Quality tools are not inherently bad or a poor investment, but you need to understand their capabilities and the value they will add to the organization.
A week doesn’t go by that I am not asked which automated tool can ensure online quality and what should organizations be looking for when assessing a standards tool. While there are ample toolsets in the marketplace, with varying features and associated price points, the reality is that tools can only support standards adoption and cannot drive their implementation.
Quality tools are not inherently bad or a poor investment, but you need to understand their capabilities and the value they will add to the organization.

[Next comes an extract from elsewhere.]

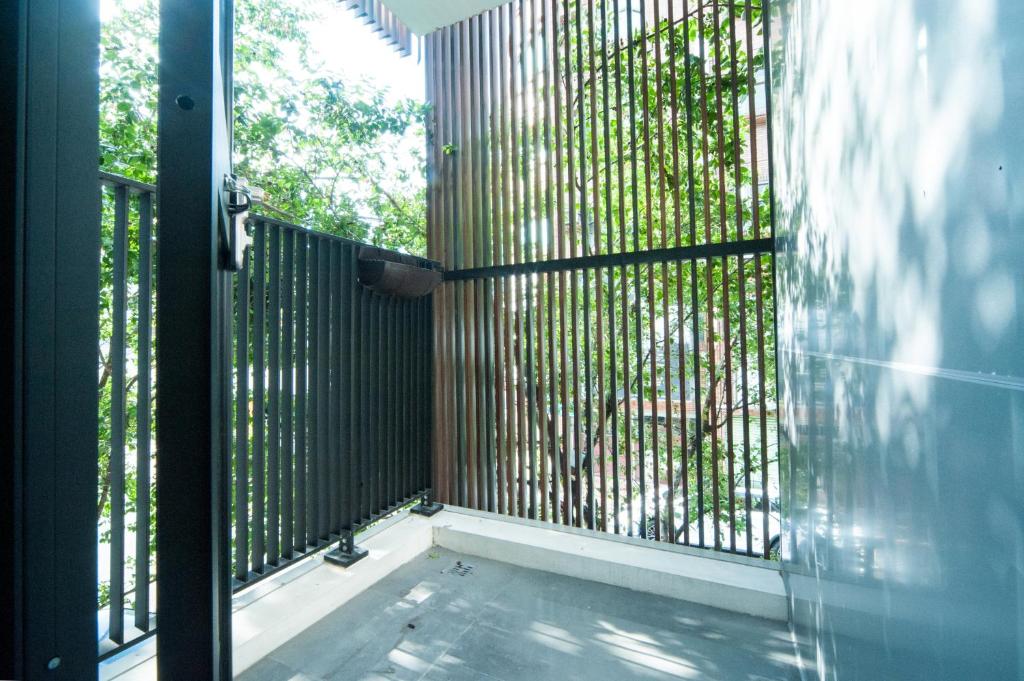 Balkón nebo terasa v ubytování 會呼吸的房-採自助式入住-有電梯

Tools can be used to augment your digital team, but they are not a holistic solution and will not miraculously ensure online quality of your content.
If you are considering tools to support your digital efforts and to boost online integrity, I recommend the following:
- 1. Identify the digital standards that are most important to your organization from a quality perspective.
- 2. Categorize these standards into three piles:
- Automated standards are those that can (and should!) be incorporated into your content management system. For example, ensuring your copyright appears at the bottom of each web page, that page titles are no longer than 65 characters (in-line with SEO best practices) or that correct fonts and colors are used throughout the site.
- Human standards are those that only a person can apply or that are difficult to automate within a content management system or to validate by a machine. For example, tone and voice of individual social media posts, succinct or plain writing on your web pages, or aspects of accessibility including whether color relays important messaging that will be lost for those with color or visual impairments.
- Tool-supported standards are those that cannot be automated by a content management system because they require some level of user interpretation and application. Standards that lend themselves well to tool support are lengths of paragraphs and sentences (a tool can flag potential issues for validation by a human) or correct image validation (a tool provides an inventory of images on the site for human review).
- Determine how many tool-supported standards you have and what type of investment you are willing to make in order to augment human validation of standards. Most tools provide useful reports, such as a visual guide of all images on your site. Some of these may prove highly valuable, while others may simply be another burden to overworked staff.
- Be realistic about who will use the standards compliance tool and in what manner. It is often easier and less costly to automate standards into publishing tools or train staff on standards so that they can produce high quality content during the publication process. Publishing content and validating its standards compliance after it is live (i.e., asking staff to go back and correct efforts after the fact) not only adds a layer of burden to the process, but often leads to the validation never being completed, as new content priorities overcome revisiting information that is already live.
- In addition, consider that once you publish content, it is already available for the world to see—along with any mistakes and lack of standards compliance. Most tools on the market today crawl published content and provide reports of standards compliance. At that point, you have already exposed your organization and its less-than-stellar online performance. Should you choose a tool to validate published content, consider having the standards conformance validation take place in a staging or pre-production environment.
Standards compliance tools can be useful and have a place in today’s digital publishing arena. Just be realistic about their existing capabilities and limitations, your organization’s staffing and working habits, and balance those factors with your online integrity goals.